Conflicts and choice of law questions arising from marriage recognition are more multidimensional today than ever before. Traditionally, these conflicts arose because one jurisdiction allowed marriage between two individuals while another prohibited such a marriage. This was the model in the consanguineous, polygamous, and interracial marriage contexts. It has also been the primary model for analyzing conflicts that arise in the context of same-sex relationships. In a forthcoming article, Resolving Interstate Conflicts Arising from Interstate Non-Marriage, I challenge this model, and suggest that the emergence of marriage-like and marriage-lite alternatives(i.e., civil unions, domestic partnerships, reciprocal benefits arrangements, etc.) for same-sex couples complicates and requires additional nuance in our conflicts analysis. The article also suggests that different jurisdictions with different recognition regimes for these kinds of non-marriage relationships ought to resolve such conflicts differently--even if they apply the very same conflicts methodology.
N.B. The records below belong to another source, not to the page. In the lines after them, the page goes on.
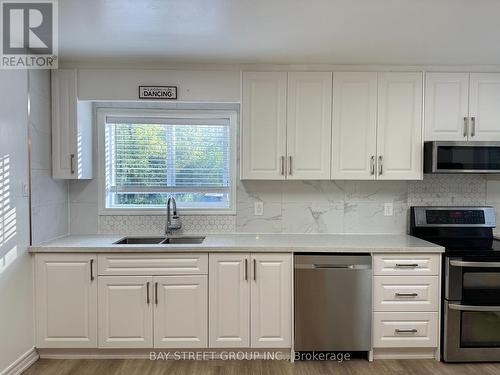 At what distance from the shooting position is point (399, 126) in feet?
9.87

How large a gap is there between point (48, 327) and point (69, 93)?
1804 mm

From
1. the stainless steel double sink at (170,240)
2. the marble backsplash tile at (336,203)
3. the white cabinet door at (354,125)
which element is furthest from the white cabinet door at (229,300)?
the white cabinet door at (354,125)

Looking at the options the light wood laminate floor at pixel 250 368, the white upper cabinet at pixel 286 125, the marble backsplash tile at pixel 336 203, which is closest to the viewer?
the light wood laminate floor at pixel 250 368

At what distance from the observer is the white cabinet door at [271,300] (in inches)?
107

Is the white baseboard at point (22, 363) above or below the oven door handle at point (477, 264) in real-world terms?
below

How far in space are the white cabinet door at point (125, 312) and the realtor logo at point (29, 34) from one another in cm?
166

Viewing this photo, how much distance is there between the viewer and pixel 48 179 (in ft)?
9.59

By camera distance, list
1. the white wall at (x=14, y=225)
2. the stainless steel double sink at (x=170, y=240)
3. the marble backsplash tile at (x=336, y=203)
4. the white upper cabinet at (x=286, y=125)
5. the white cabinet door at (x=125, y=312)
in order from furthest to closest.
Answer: the marble backsplash tile at (x=336, y=203) < the stainless steel double sink at (x=170, y=240) < the white upper cabinet at (x=286, y=125) < the white cabinet door at (x=125, y=312) < the white wall at (x=14, y=225)

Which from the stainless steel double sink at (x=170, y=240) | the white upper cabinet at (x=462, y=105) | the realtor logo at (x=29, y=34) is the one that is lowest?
the stainless steel double sink at (x=170, y=240)

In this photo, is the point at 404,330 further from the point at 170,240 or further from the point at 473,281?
the point at 170,240

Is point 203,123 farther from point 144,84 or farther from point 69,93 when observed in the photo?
point 69,93

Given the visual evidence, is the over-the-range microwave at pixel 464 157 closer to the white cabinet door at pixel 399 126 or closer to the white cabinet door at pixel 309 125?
the white cabinet door at pixel 399 126

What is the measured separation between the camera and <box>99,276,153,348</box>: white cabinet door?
2.70 metres

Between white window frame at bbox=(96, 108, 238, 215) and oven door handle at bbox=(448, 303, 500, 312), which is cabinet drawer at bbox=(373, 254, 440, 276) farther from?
white window frame at bbox=(96, 108, 238, 215) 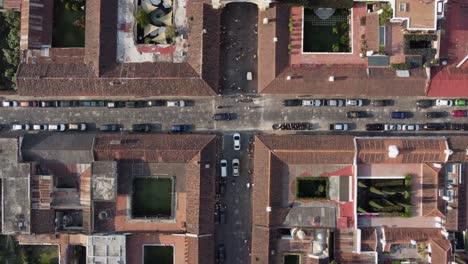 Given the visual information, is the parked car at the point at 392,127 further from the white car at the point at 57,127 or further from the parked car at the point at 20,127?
the parked car at the point at 20,127

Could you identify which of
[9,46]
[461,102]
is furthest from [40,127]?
[461,102]

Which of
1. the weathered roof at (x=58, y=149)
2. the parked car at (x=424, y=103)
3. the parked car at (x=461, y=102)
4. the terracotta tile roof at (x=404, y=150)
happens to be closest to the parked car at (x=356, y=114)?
the terracotta tile roof at (x=404, y=150)

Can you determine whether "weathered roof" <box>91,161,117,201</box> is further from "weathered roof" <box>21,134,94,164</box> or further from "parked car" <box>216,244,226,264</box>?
"parked car" <box>216,244,226,264</box>

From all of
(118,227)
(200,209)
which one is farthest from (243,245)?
(118,227)

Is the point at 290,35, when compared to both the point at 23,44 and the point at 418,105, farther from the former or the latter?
the point at 23,44

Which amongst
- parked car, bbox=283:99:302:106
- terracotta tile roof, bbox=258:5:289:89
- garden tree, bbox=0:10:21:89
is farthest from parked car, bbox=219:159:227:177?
garden tree, bbox=0:10:21:89

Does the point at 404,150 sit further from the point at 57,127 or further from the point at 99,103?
the point at 57,127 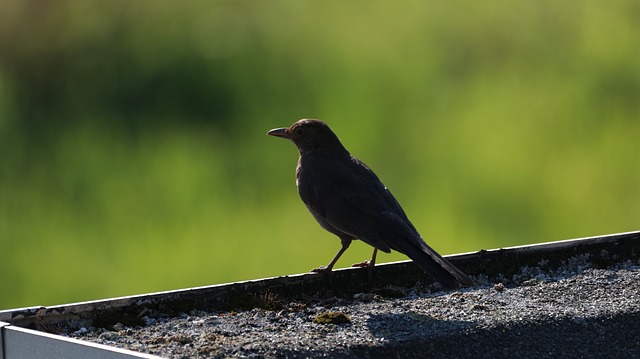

This Essay intends to complement Resolving Interstate Conflicts in two ways. First, it further explores my claim that the introduction of marriage alternative schemes adds dimensions to the conflicts analysis. Second, much more broadly, and likely more controversially, it considers whether same-sex marriage advocates should pursue conflicts-based arguments as a basis for expanding marriage recognition in states that do not currently recognize same-sex marriage. I believe the answer may be no-despite, and in part, because of my unhesitating support for same-sex marriage. In other words, I suggest that advocates for same-sex marriage should forgo some arguments that, if successful, could help them expand recognition of same-sex marriage.